▼▼▼
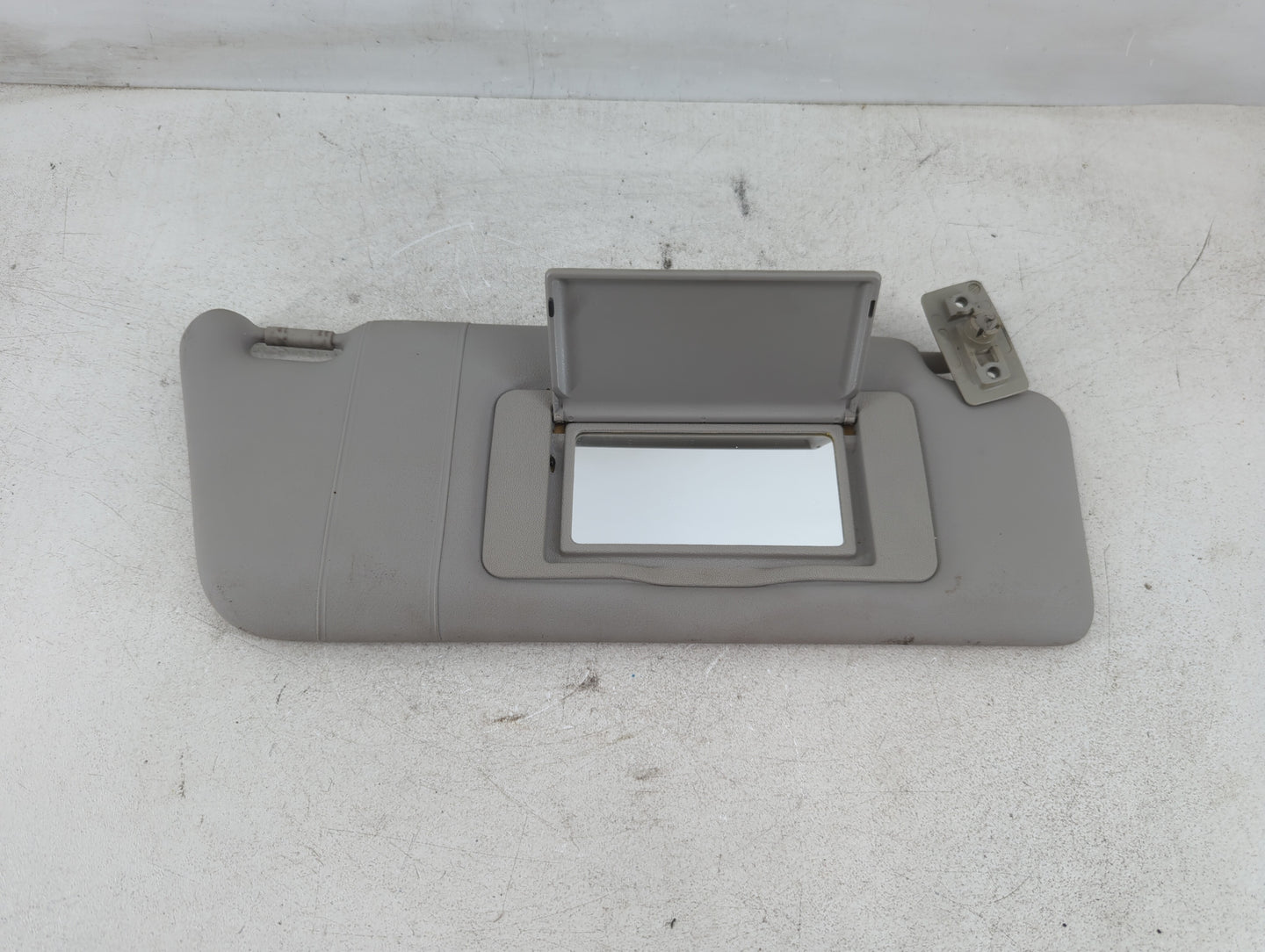 2001-2005 Mercedes-Benz C240 Sun Visor Shade Replacement Passenger Right Mirror Fits Fits 2001 2002 2003 2004 2005 2006 2007
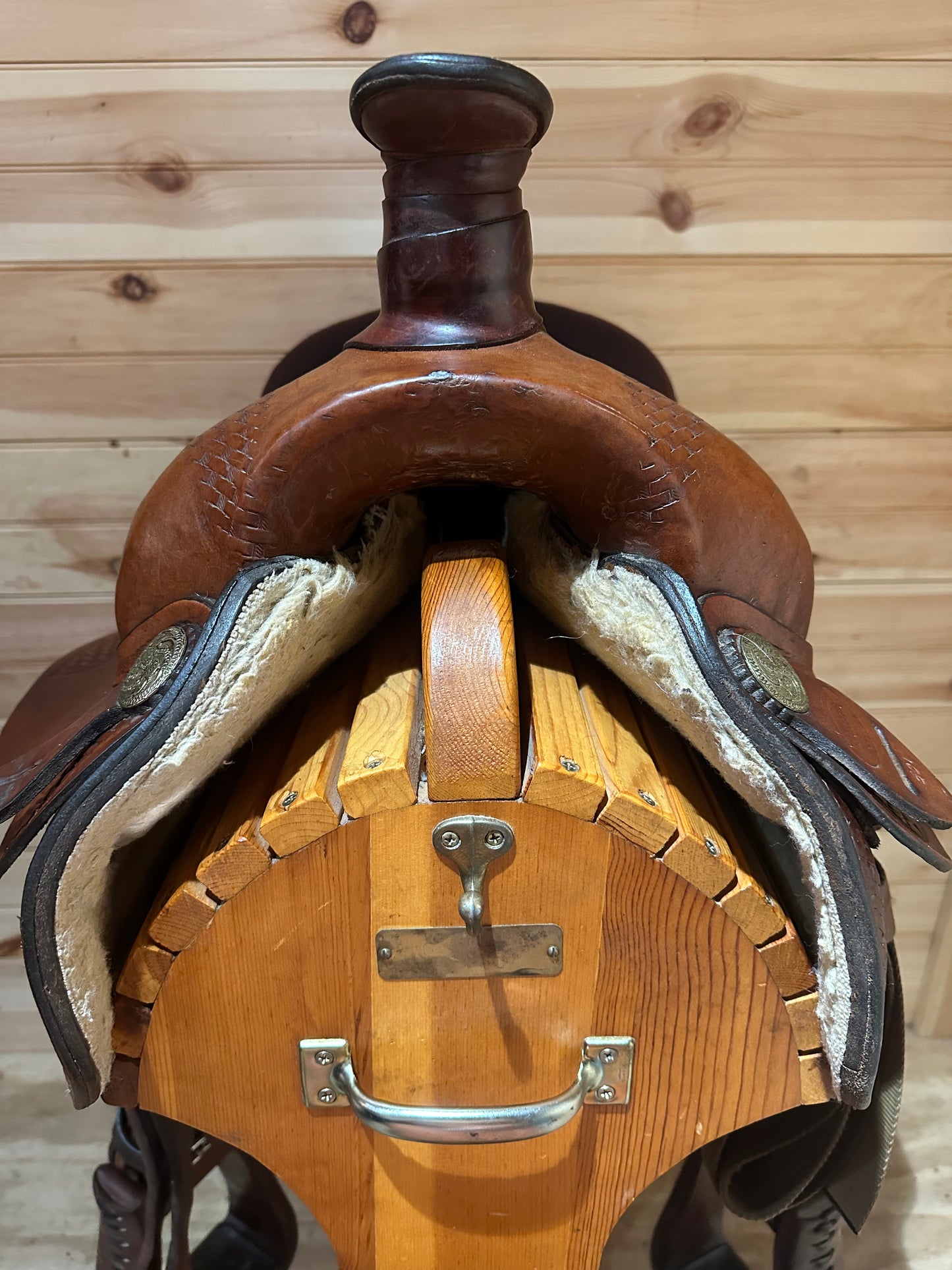 17” Dakota Saddlery Western Roping Saddle Model 501 *Package*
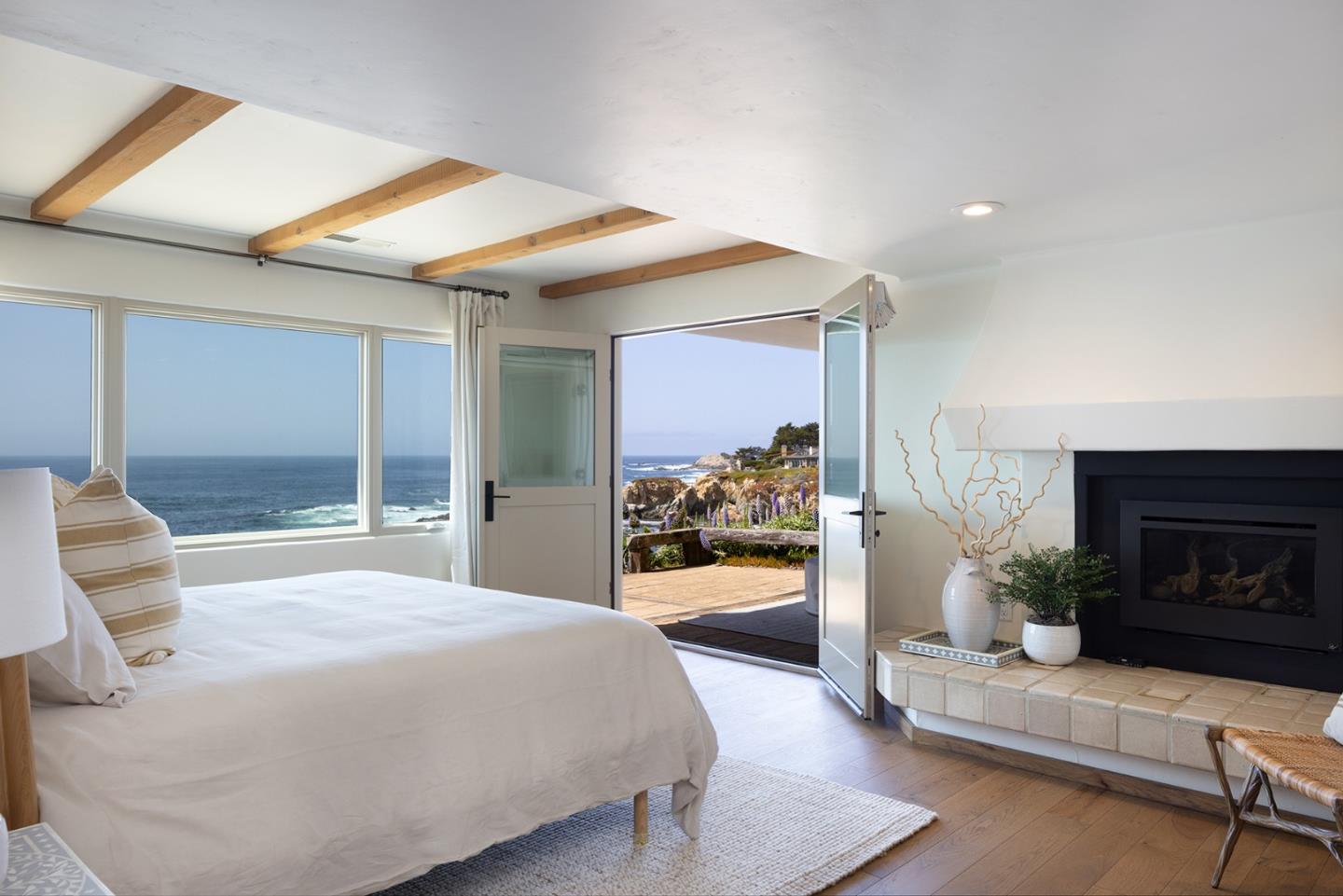 Detail Gallery Image 24 of 33 For 30530 Aurora Del Mar, Carmel,  CA 93923 - 3 Beds | 2/1 Baths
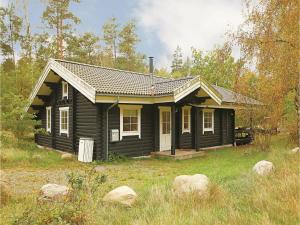 Three-Bedroom Holiday Home in Aakirkeby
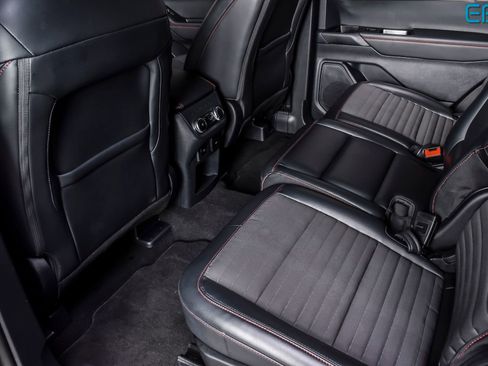 Used 2025 Ford Explorer ST-Line w/ ST-Line Street Pack image 20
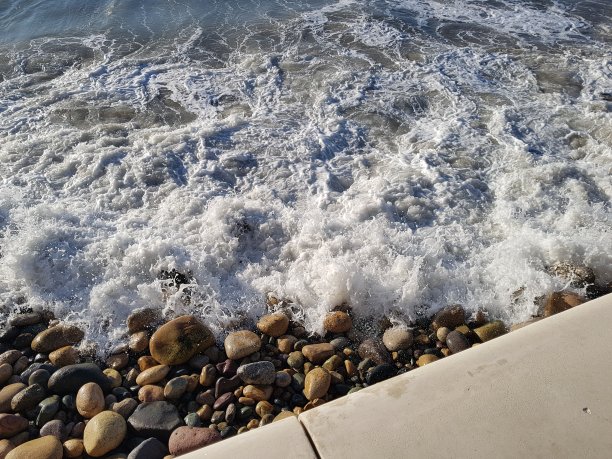 石头在海岸图片下载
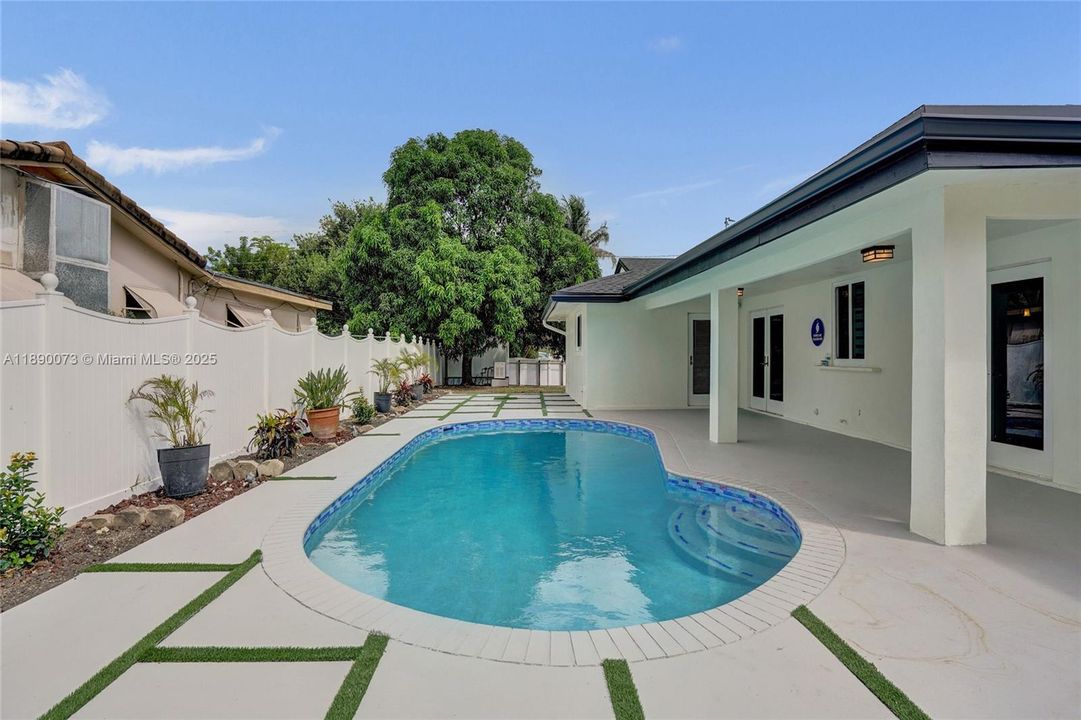 For Sale: $1,049,999 (4 beds, 3 baths, 2742 Square Feet)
▲▲▲
**Directions for this task:** Pictures do not belong in your copy; restate word for word the lines from the one containing "Used 2025 Ford" through the last line of the records above.

**Response area:**
 Used 2025 Ford Explorer ST-Line w/ ST-Line Street Pack image 20
 石头在海岸图片下载
 For Sale: $1,049,999 (4 beds, 3 baths, 2742 Square Feet)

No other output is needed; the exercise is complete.